Marronage, the process of freeing oneself from the bondage of chattel slavery, took place all over Latin America and the Caribbean, with Jamaica, Panama, St. Vincent and Dominica all having significant Maroon communities. But marronage also occurred on Portuguese and Arabic slave islands of the Indian Ocean, and even amazingly enough in Angola in Southern Africa. But until fairly recently the idea that Maroons existed in North America in significant numbers was rejected by most historians.
Dan Sayers of American University wrote the following on his research:
“In 2004, when I started talking about large, permanent maroon settlements in the Great Dismal Swamp, most scholars thought I was nuts,”
“They thought in terms of runaways, who might hide in the woods or swamps for a while until they got caught, or who might make it to freedom on the Underground Railroad, with the help of Quakers and abolitionists.”
By downplaying American marronage, and overplaying a “white savior” model of involvement in the Underground Railroad, American historians have shown a clear racial bias. American history as currently frequently taught and constructed has demonstrated a reluctance to acknowledge the strength of innate African-American resistance to slavery. Sayers states that the way they have approached the subject has also revealed the shortcomings of their methods:
“Historians are limited to source documents. When it comes to Maroons, there isn’t that much on paper. But that doesn’t mean their story should be ignored or overlooked. As archaeologists, we can read it in the ground.”
When Dan Sayers started doing archival research on the Great Dismal Swamp. He found scattered references to Maroons dating back to the early 1700s. The first accounts described runaway slaves and Native Americans raiding farms and plantations, and then disappearing back into the swamp with stolen livestock. In 1714, Alexander Spotswood, the colonial lieutenant governor of Virginia, described the Dismal Swamp as a “No-man’s-land,” to which “Loose and disorderly people daily flock.” Since Africans and African-Americans were not referred to as “people” in the records of 18th-century Virginia, this suggests that poor whites were also joining the swamp communities.
By carefully studying Virginia's colonial and antebellum laws, a number of historians have been able to track the scale of the continuing problem of runaway servants and slaves. During the General Assembly's March 1661 session, for instance, lawmakers addressed the circumstance of "English running away with negroes." Landowners saw blacks and whites working together as threatening because slaves had less to lose if caught. Pressure could be exerted on white servants, who still had a chance at legal freedom. If caught, the servants "shall serve for the time of the said negroes absence as they are to do for their owne by a former act." This former act, presumably from 1643, called for captured runaways to serve double the time gone; this new act now added additional time for every slave involved.

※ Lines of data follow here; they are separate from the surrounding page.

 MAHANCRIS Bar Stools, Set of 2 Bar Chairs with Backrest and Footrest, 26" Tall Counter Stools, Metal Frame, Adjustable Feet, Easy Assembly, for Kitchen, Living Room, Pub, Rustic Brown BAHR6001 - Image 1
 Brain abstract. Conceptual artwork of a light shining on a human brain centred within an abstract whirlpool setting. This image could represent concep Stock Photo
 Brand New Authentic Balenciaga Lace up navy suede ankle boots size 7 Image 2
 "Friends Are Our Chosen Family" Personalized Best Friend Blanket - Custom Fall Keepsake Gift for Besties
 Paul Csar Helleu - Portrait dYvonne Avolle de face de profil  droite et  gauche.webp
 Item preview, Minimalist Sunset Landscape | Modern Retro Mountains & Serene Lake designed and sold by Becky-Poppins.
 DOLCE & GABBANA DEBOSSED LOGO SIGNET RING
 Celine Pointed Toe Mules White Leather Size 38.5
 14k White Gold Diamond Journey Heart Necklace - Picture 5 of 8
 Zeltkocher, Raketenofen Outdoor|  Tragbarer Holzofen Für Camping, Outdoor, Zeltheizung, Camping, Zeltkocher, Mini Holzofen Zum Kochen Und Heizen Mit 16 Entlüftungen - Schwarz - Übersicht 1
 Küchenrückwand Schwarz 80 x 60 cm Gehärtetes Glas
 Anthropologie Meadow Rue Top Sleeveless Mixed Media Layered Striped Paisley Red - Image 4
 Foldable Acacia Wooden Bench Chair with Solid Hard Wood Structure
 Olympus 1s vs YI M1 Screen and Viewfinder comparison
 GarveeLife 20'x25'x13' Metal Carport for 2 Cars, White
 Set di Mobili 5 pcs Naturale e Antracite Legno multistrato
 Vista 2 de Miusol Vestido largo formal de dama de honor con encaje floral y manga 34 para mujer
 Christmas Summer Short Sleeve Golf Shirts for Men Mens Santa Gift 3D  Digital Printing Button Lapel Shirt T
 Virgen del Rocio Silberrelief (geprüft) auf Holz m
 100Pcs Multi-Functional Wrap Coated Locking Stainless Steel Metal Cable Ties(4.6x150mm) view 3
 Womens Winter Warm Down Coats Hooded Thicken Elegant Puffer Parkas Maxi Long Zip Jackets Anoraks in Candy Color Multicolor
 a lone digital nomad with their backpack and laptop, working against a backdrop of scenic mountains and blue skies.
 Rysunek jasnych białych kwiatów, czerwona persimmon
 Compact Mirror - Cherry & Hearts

In September 1663, lawmakers worried about the "unlawful meetings of servants," and directed masters to "take especiall care that their servants doe not depart from their houses on Sundayes or any other dayes without particular lycence from them." This action foreshadowed a 1680 law, aimed at preventing "Negroes Insurrections," that begins by noting "the frequent meeting of considerable numbers of negroe slaves under pretence of feasts and burialls," suggesting this to be "of dangerous consequence." The concern was that, if allowed to meet with one another and move freely, servants and slaves were more likely to hatch plots, run away, or even rise up.
In 1728, William Byrd II led the first survey into the Great Dismal Swamp, to determine the Virginia/North Carolina boundary. He encountered a family of maroons, describing them as “mulattoes,” and was well aware that others were watching and hiding: “It is certain many Slaves Shelter themselves in this Obscure Part of the World....” Byrd, an aristocratic Virginian, loathed his time in the swamp. “Never was rum, that cordial of life, found more necessary than it was in this dirty place.”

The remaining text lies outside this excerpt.